Assurance of COTS Fiber Optic Cable Assemblies for Space Flight

Melanie Ott

Swales Aerospace

Goddard Space Flight Center

Technology in the field of fiber optics has been mainly driven by the telecommunications industry. In order for the available technology to be useful for space flight applications, certain assurance procedures are necessary. Results from investigating how to choose a COTs cable that can withstand space flight have been published and presented previously as well as the issues, yet unresolved during recent studies. In order to resolve the issues associated with the usage of COTS fiber optic cable assemblies it was necessary to determine what assurance techniques were the most successful at simulating the long term effects of the space flight environment on a cable assembly.

The technology validation approach used, is a method of performance assessment and testing that intensifies many known failure mechanisms of fiber optic cable assemblies. In particular, the results of thermal and vibration testing can be very indicative of long term reliability. The shrinkage of materials in a typical cable assembly configuration has presented problems in the past for space flight projects that wished to use available fiber optic cable assemblies in harsh environments. Presented here are results of thermal cycling testing of commercially available fiber optic cable assemblies in order to determine the adequate preconditioning procedure necessary to produce a system ready for space flight.
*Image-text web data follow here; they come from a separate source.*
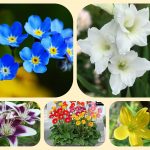 Thành lập công ty TNHH tại Quận 12 6 Muốn Thành lập công ty TNHH tại Quận 12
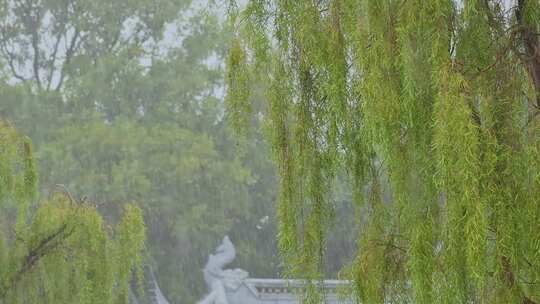 雨天雨水雨景树叶雨滴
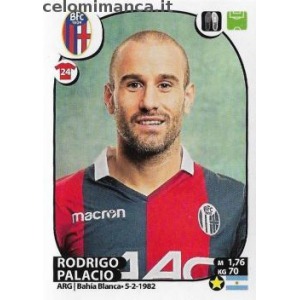 82 - Rodrigo Palacio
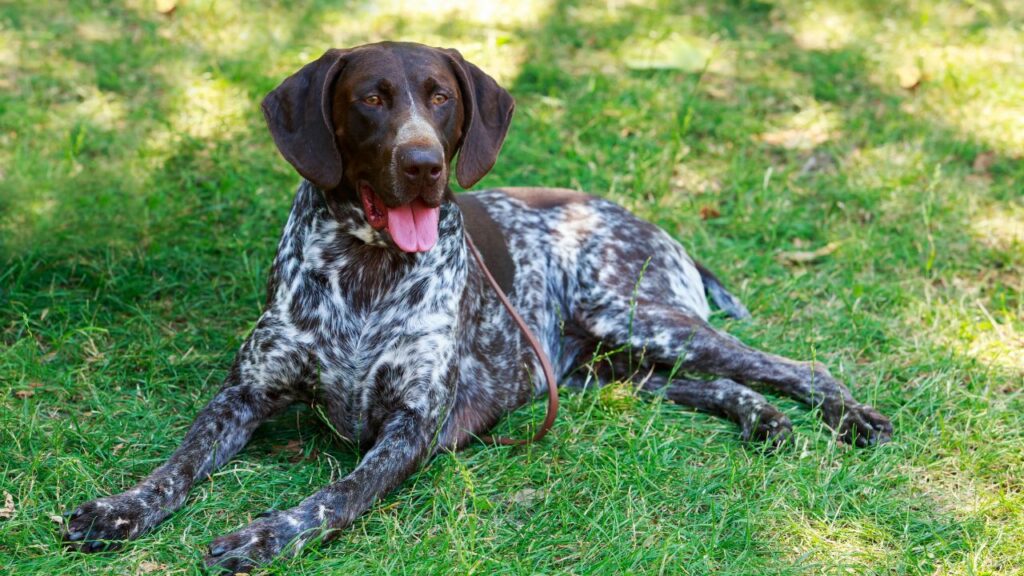 cani con il miglior senso dell'olfatto
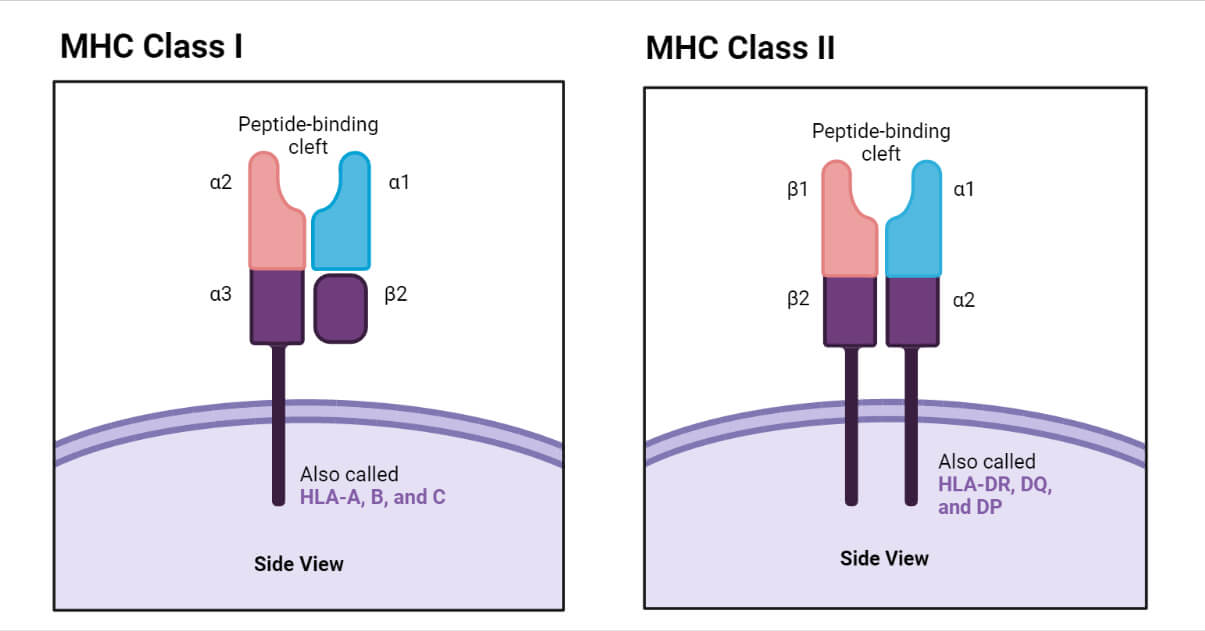 Class I MHC Molecule and Class II MHC Molecule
Also presented here is the assurance process by which a ribbon cable and array connector assembly was upgraded and tested for performance under harsh conditions to confirm its ability to withstand the space environment. Technology validation techniques were used to determine the functionality of this connector/cable assembly for space flight. As part of that validation, an evaluation was conducted to determine whether all components of the connector assembly would pass space flight outgassing criteria. A study conducted on the radiation effects of the commercial fiber proposed for this application proved the commercial optical fiber to be adequate for an EO-1 application. As a result of a high vibration environment, a larger core optical fiber (100/140 micron) was chosen to help in performance of the array connector under conditions that were not in the original commercial specification. Using the larger core fiber required the fabrication of connector ferrules of 140 micron outer diameter for the array connector, that were previously not available. Vibration and thermal tests, were conducted to determine if the commercially available 125 micron diameter connector ferrules would meet the requirements of space flight. The results and conclusions from this assurance study and qualification testing of a commercial ribbon connector/cable assembly are presented here.